Carige fa le mosse giuste per evitare il bail-in?

Redazione

Il mercato s’interroga sugli strumenti messi in campo dalla banca ligure per rafforzare il capitale di vigilanza, tra cui un’obbligazione subordinata da circa 200 milioni, e scongiurare soluzioni estreme

di Luigi Tramontana, Banca Akros

 

Anche se la cessione dei crediti deteriorati e le altre iniziative di de-risking venissero effettuate entro la fine dell’anno, non sarebbero sufficienti a raggiungere l’obiettivo di un rafforzamento del capitale di vigilanza. Il total capital ratio di Carige resterebbe al di sotto dei requisiti richiesti dalla Banca centrale europea. La banca dovrebbe, perciò, riuscire a emettere un prestito subordinato per aumentare il capitale sotto altre forme, tuttavia questo oggi appare piuttosto difficile in un mercato in cui le condizioni per le banche italiane sono cambiate. Tanto per fare un esempio, una recente emissione di Monte dei Paschi rende oggi circa il 14 per cento e può contare su un rating superiore a quello di Carige. Dunque, per la banca ligure un’emissione obbligazionaria con un costo a due cifre potrebbe risultare troppo onerosa da sostenere a meno che non ci sia l’impegno dei principali soci a sottoscrivere il prestito.

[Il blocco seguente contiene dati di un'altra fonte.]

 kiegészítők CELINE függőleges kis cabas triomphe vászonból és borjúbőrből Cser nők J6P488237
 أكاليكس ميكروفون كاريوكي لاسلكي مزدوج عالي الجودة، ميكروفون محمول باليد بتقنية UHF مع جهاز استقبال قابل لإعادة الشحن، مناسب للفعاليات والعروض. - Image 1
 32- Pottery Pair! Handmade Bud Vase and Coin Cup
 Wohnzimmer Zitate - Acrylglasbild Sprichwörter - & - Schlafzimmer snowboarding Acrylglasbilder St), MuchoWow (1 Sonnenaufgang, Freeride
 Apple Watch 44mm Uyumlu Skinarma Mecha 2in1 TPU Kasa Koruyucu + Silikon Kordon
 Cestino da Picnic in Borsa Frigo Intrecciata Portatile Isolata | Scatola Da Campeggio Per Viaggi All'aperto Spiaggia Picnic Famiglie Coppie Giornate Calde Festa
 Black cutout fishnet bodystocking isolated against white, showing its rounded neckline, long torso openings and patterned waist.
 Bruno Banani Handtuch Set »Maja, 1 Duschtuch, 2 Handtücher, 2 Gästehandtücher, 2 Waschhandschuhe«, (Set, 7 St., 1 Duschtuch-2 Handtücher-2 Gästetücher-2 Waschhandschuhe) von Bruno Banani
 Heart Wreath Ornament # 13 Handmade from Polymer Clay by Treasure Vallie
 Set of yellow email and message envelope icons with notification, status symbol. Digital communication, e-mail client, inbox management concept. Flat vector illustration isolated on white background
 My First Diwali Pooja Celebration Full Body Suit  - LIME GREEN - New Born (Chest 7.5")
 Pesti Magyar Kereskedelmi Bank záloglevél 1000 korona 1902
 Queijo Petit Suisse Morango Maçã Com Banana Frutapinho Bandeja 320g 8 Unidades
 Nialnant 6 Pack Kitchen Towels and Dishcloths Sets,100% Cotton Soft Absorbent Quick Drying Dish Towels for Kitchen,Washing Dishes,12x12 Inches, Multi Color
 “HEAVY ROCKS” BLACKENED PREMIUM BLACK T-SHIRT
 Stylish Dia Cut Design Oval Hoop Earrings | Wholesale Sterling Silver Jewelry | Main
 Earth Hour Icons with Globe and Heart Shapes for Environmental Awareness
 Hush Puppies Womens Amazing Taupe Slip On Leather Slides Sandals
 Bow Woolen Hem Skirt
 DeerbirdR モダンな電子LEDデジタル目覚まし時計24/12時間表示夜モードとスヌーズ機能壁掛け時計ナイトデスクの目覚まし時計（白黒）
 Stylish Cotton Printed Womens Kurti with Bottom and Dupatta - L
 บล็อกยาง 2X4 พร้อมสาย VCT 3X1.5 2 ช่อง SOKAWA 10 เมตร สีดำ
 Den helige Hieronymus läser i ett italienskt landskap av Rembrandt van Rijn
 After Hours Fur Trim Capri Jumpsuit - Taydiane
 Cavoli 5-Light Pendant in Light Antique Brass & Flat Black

(Ndr: è un sì con riserva)

No

di Mario Comana, Università Luiss

 

Pulizia di bilancio ed emissione del prestito obbligazionario sono due passi difficili e necessari, ma non sufficienti per assicurare un percorso di rilancio di Carige: sono solo un passo intermedio per evitare un insostenibile bail-in. Non si salva una banca solo con interventi in negativo o ripristinando il minimo di capitale regolamentare (anche la collocazione di un bond subordinato da 200 milioni mi pare una “mission impossible” con lo spread a 300). Occorre una strategia compiuta di riposizionamento e di rilancio del business, ma questo a sua volta presuppone il sostegno di congrue risorse patrimoniali. E dato che l’eventualità di un aumento di capitale di mercato è remota, il percorso di risanamento non può che puntare a un atterraggio morbido su un robusto partner. Difficile però individuarlo oggi con le incertezze sul debito sovrano: gli intermediari italiani devono valutare la loro adeguatezza patrimoniale in funzione dello spread; gli stranieri vogliono prima capire dove andrà il nostro paese. Con le acque così agitate è impossibile individuare la rotta verso il porto sicuro.